> [Data]

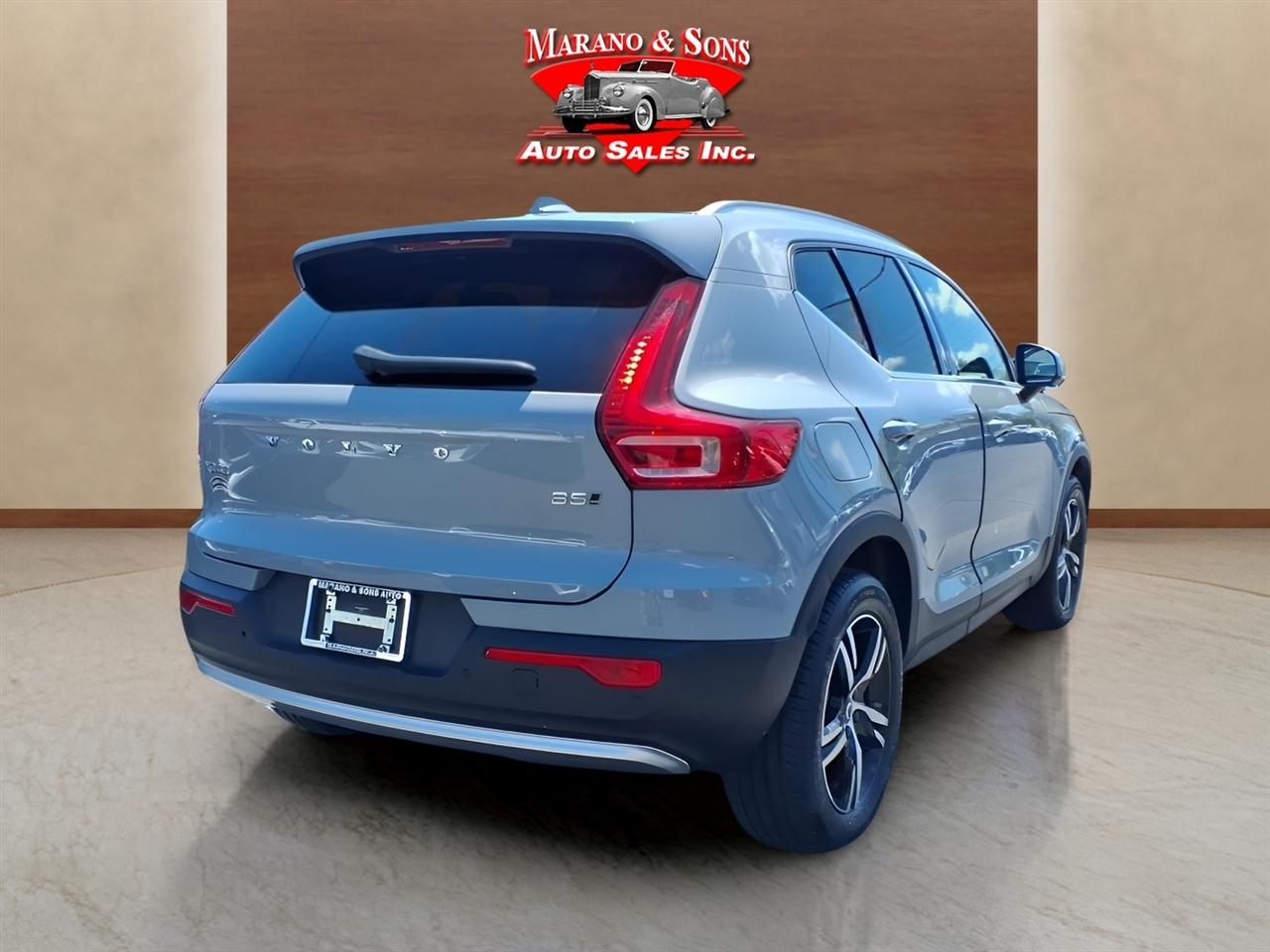 Volvo XC40 B5 AWD Core Bright Theme 2025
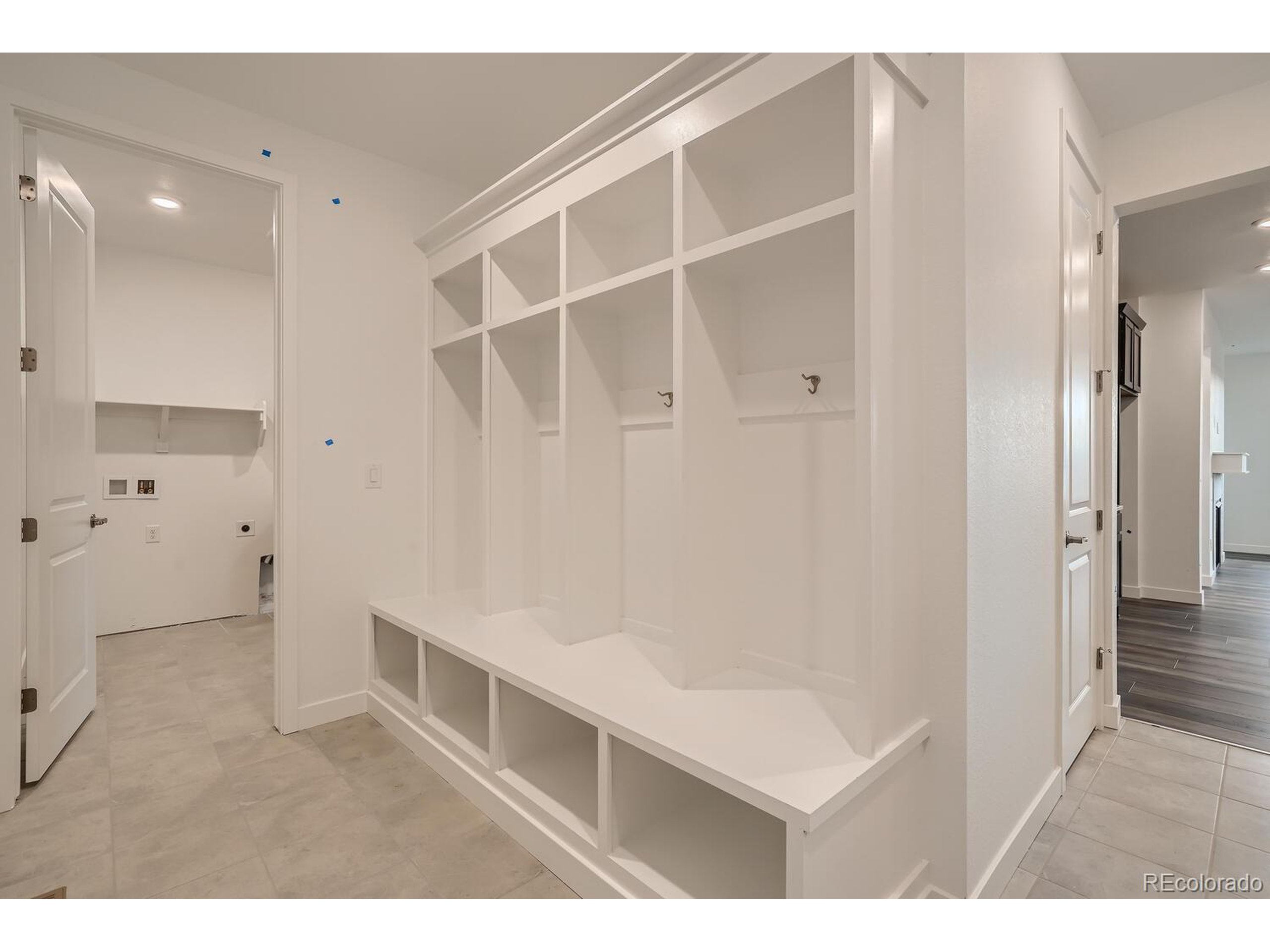 711 Meadowlark Dr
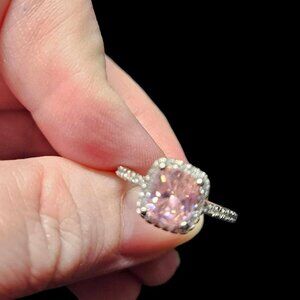 ✨ Elegant Sterling Silver Pink Cushion-Cut Halo Ring ✨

> [Brief] Return the data exactly as it stands, minus the pictures.

> [Answer space]
 Volvo XC40 B5 AWD Core Bright Theme 2025
 711 Meadowlark Dr
 ✨ Elegant Sterling Silver Pink Cushion-Cut Halo Ring ✨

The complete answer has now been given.